La decisión de Calderón de militarizar la seguridad pública urgió como medida de contención frente al avance del narco y la infiltración de instituciones.
El objetivo inicial no era político, sino la respuesta del Estado para frenar la captura institucional por parte del crimen organizado: buscaba evitar que México se convirtiera en un narco Estado.
A más de una década, han surgido nuevos elementos que reconfiguran el debate. En los juicios de Jesús “El Rey” Zambada, Sergio Villarreal Barragán “El Grande” y Edgar Valdez Villarreal “La Barbie”, se dieron a conocer testimonios sobre apoyos financieros del crimen organizado a la campaña presidencial de López Obrador en 2006, algunos de los cuales, fueron rendidos ante la entonces Procuraduría General de la República (PGR).
Contención y consolidación, dos caras de la moneda
En retrospectiva, la decisión de Calderón puede entenderse como un intento por contener el riesgo y, si bien la estrategia fue ampliamente criticada por la violencia que generó y la falta de fortalecimiento institucional paralelo, también es cierto que postergó por al menos una década el avance del crimen en las estructuras del poder público.
Con la llegada de López Obrador en 2018, la política de “abrazos, no balazos” significó un giro permisivo frente al crimen organizado. Esta postura, sumada a una creciente violencia y control territorial del narco, ha llevado a diversos sectores a señalar que México transita hacia un modelo de narco Estado.
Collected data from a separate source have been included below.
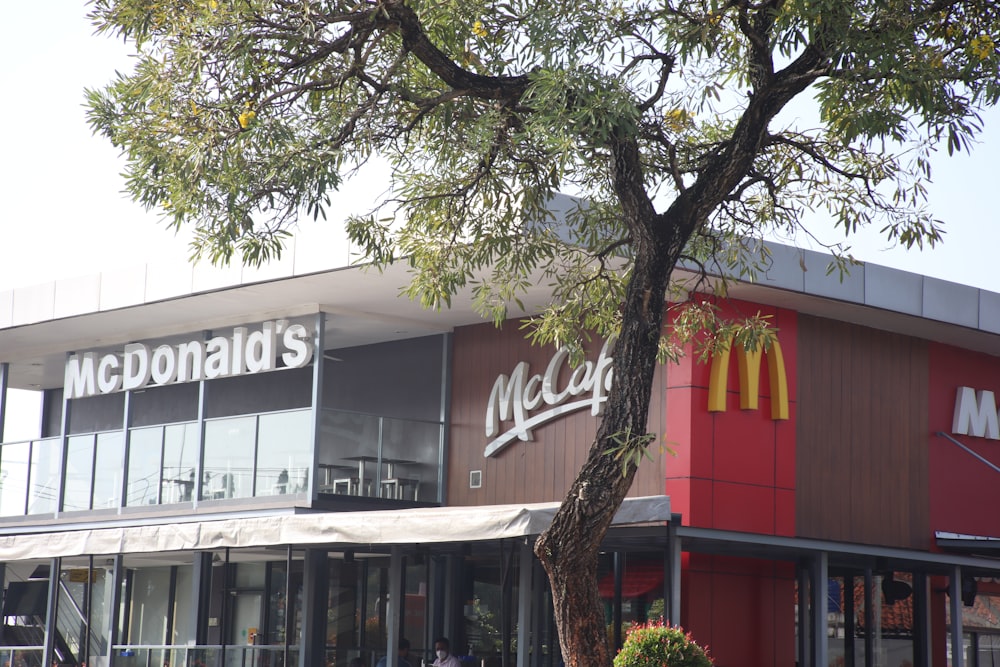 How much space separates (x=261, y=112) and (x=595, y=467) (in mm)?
3444

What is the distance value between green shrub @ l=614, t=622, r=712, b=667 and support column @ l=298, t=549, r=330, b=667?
8.40m

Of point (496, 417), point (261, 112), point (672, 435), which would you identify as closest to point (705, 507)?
point (672, 435)

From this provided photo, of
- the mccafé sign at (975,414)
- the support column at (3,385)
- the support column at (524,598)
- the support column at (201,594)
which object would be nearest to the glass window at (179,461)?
the support column at (201,594)

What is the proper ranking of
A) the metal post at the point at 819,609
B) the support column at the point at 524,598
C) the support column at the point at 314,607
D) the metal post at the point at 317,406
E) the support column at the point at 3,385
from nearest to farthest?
1. the support column at the point at 524,598
2. the metal post at the point at 819,609
3. the metal post at the point at 317,406
4. the support column at the point at 314,607
5. the support column at the point at 3,385

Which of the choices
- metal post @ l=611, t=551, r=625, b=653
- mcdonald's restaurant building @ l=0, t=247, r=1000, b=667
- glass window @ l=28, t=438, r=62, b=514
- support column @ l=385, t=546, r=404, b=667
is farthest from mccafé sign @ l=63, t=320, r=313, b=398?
metal post @ l=611, t=551, r=625, b=653

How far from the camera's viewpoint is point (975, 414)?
59.5ft

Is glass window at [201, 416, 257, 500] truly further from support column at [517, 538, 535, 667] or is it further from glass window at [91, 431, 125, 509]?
support column at [517, 538, 535, 667]

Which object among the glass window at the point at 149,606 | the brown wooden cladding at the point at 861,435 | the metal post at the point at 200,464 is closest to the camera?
the brown wooden cladding at the point at 861,435

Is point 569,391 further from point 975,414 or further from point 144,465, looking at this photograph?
point 144,465

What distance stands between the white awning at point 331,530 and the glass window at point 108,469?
167cm

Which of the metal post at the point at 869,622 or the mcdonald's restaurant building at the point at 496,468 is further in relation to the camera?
the metal post at the point at 869,622

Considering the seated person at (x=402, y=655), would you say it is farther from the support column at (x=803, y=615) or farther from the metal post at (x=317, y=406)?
the support column at (x=803, y=615)

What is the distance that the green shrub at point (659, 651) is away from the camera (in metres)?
9.66

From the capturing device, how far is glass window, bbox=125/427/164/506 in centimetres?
1859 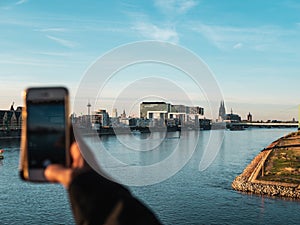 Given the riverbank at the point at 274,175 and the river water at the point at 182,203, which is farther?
the riverbank at the point at 274,175

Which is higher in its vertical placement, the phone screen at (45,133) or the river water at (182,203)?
the phone screen at (45,133)

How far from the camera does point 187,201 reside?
2977 centimetres

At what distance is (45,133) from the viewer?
168cm

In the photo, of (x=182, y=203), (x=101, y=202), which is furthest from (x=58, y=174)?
(x=182, y=203)

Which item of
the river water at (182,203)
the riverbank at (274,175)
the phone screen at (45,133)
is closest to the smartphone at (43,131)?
the phone screen at (45,133)

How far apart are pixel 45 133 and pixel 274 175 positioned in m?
43.4

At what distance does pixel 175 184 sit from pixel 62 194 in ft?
35.1

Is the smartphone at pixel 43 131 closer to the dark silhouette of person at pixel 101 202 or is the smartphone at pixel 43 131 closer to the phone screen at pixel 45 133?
the phone screen at pixel 45 133

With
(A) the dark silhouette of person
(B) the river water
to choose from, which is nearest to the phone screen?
(A) the dark silhouette of person

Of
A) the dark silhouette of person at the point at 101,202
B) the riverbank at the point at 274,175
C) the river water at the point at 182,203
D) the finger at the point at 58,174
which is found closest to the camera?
the dark silhouette of person at the point at 101,202

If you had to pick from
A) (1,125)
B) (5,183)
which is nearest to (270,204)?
(5,183)

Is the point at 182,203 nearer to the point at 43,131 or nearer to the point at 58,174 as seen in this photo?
the point at 43,131

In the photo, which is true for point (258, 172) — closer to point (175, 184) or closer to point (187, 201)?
point (175, 184)

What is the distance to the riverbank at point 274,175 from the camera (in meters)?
35.9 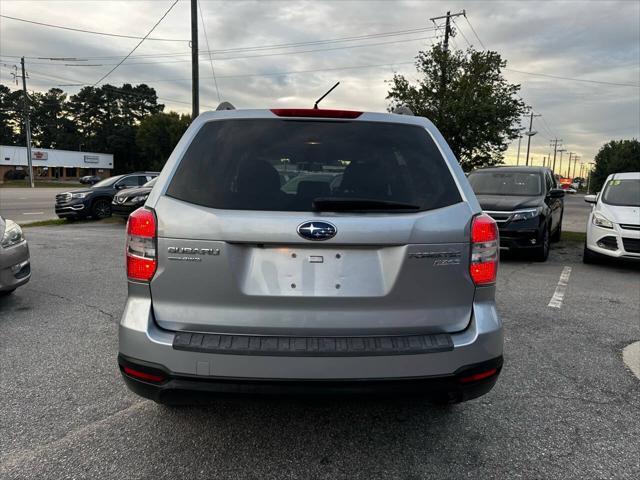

Vimos al expresidente con la madre del narcotraficante más buscado en el mundo, lo vimos dar marcha atrás al operativo en que el hijo de “El Chapo” fue detenido y, al menos 14 gobernadores de extracción morenista, tienen señalamientos judiciales por presuntos vínculos con el crimen organizado.
Este fenómeno no es aislado
Los aliados ideológicos y políticos del expresidente López Obrador: Nicolás Maduro, Gustavo Petro, Pedro Castillo, Evo Morales, Daniel Ortega y Juan Orlando Hernández, tienen graves señalamientos por corrupción, autoritarismo o vínculos con el crimen organizado.
Considerando este marco regional, la política de seguridad de Calderón adquiere una nueva dimensión: se cae la narrativa de que el panista declaró la guerra al narcotráfico únicamente para legitimarse políticamente.
Más allá de los errores de ejecución, su decisión fue la respuesta a una amenaza real, y en muchos sentidos, la última barrera que impidió que México cayera bajo el control del crimen organizado.
A la luz de los hechos actuales, su estrategia cobra una relevancia que merece una revisión que aportará mucho a la reconfiguración de los partidos políticos y frente a la recuperación de las instituciones del Estado republicano.